ACTIVITY>
Among the entries, find the lines with the string "electrical" and copy them.

RECORDS FOR PROCESSING>

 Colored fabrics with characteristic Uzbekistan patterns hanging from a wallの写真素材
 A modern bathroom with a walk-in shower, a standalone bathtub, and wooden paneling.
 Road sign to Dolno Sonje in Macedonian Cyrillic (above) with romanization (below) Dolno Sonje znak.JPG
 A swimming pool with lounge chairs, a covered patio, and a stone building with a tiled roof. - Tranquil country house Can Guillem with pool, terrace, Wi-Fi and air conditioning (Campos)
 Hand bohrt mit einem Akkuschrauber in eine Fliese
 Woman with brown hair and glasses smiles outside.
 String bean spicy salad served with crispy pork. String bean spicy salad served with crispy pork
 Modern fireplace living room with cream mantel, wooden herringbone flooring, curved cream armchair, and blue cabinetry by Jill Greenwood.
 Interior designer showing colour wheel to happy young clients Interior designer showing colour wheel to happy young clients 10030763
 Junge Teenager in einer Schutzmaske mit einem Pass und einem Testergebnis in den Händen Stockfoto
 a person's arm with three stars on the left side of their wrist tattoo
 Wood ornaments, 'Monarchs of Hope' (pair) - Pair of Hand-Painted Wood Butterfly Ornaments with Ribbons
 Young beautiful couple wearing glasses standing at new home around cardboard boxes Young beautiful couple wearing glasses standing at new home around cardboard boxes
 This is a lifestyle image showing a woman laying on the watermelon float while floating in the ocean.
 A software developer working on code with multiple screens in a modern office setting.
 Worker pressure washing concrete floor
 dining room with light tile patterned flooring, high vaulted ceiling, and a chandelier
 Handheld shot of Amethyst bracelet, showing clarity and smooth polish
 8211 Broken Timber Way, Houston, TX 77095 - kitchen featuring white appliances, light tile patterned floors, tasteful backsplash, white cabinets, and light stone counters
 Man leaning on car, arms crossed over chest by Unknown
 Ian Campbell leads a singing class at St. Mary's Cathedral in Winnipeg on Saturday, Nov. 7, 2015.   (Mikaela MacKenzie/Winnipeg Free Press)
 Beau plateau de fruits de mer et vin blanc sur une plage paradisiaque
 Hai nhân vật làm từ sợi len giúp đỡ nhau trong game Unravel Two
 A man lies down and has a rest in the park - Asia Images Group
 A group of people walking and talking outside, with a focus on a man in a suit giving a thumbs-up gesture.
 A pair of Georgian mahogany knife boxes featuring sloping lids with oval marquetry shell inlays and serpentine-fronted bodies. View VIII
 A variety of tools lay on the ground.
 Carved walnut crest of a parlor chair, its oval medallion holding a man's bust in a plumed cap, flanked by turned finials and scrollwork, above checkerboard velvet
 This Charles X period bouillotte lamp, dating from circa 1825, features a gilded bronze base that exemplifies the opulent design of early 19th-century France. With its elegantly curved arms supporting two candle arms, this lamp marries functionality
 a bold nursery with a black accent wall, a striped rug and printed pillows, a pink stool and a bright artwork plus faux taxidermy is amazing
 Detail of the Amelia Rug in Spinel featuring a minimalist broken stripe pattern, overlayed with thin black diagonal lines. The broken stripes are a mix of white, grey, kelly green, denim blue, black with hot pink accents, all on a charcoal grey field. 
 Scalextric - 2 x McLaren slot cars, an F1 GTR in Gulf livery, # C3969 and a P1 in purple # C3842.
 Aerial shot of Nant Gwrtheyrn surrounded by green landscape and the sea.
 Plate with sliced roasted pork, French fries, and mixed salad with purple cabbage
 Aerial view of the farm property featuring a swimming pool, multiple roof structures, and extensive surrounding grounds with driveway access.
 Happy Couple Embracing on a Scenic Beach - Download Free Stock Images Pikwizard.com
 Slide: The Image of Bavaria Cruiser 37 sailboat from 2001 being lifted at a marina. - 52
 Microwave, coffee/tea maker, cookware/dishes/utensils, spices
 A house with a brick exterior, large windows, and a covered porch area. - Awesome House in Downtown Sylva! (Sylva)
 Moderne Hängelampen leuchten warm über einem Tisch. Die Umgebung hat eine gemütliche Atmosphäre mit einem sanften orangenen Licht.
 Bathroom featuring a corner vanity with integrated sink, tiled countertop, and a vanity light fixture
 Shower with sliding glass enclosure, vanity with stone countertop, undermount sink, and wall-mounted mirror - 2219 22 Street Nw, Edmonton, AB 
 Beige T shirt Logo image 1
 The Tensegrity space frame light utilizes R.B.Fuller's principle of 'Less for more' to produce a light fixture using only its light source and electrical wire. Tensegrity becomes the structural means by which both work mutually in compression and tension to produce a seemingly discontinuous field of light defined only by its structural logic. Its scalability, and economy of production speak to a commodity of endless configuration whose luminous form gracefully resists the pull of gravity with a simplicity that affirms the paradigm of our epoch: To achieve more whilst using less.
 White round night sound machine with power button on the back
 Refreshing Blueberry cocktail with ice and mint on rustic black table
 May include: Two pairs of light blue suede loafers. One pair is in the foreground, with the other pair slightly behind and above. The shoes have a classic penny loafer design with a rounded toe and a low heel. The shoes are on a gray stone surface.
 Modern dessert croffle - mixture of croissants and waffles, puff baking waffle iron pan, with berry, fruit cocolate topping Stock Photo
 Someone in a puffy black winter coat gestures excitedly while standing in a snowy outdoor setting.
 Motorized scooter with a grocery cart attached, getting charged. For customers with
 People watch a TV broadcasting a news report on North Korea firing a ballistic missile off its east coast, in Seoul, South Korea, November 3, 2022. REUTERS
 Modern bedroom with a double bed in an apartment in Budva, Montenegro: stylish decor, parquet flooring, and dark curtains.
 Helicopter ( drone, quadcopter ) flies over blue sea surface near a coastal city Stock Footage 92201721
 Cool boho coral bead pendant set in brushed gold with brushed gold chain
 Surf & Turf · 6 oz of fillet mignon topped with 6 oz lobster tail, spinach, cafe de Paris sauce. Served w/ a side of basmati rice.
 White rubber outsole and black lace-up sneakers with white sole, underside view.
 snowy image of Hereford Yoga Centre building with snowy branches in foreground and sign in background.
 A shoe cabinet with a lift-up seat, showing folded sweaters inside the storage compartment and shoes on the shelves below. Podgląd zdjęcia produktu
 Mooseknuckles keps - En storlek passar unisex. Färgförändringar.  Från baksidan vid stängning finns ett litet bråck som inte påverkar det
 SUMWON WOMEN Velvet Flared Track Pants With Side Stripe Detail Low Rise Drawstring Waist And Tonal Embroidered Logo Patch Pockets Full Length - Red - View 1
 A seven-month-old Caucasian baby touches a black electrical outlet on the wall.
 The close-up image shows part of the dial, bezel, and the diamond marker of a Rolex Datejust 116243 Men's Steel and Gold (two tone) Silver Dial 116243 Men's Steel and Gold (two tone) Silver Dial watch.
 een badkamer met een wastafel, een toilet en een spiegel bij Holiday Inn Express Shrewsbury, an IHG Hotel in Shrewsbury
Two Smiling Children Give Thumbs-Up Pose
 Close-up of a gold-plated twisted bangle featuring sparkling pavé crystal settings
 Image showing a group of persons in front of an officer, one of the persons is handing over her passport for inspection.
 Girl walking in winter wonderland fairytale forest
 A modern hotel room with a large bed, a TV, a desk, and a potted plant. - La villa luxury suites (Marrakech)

OUTPUT OF THE TASK>
 The Tensegrity space frame light utilizes R.B.Fuller's principle of 'Less for more' to produce a light fixture using only its light source and electrical wire. Tensegrity becomes the structural means by which both work mutually in compression and tension to produce a seemingly discontinuous field of light defined only by its structural logic. Its scalability, and economy of production speak to a commodity of endless configuration whose luminous form gracefully resists the pull of gravity with a simplicity that affirms the paradigm of our epoch: To achieve more whilst using less.
 A seven-month-old Caucasian baby touches a black electrical outlet on the wall.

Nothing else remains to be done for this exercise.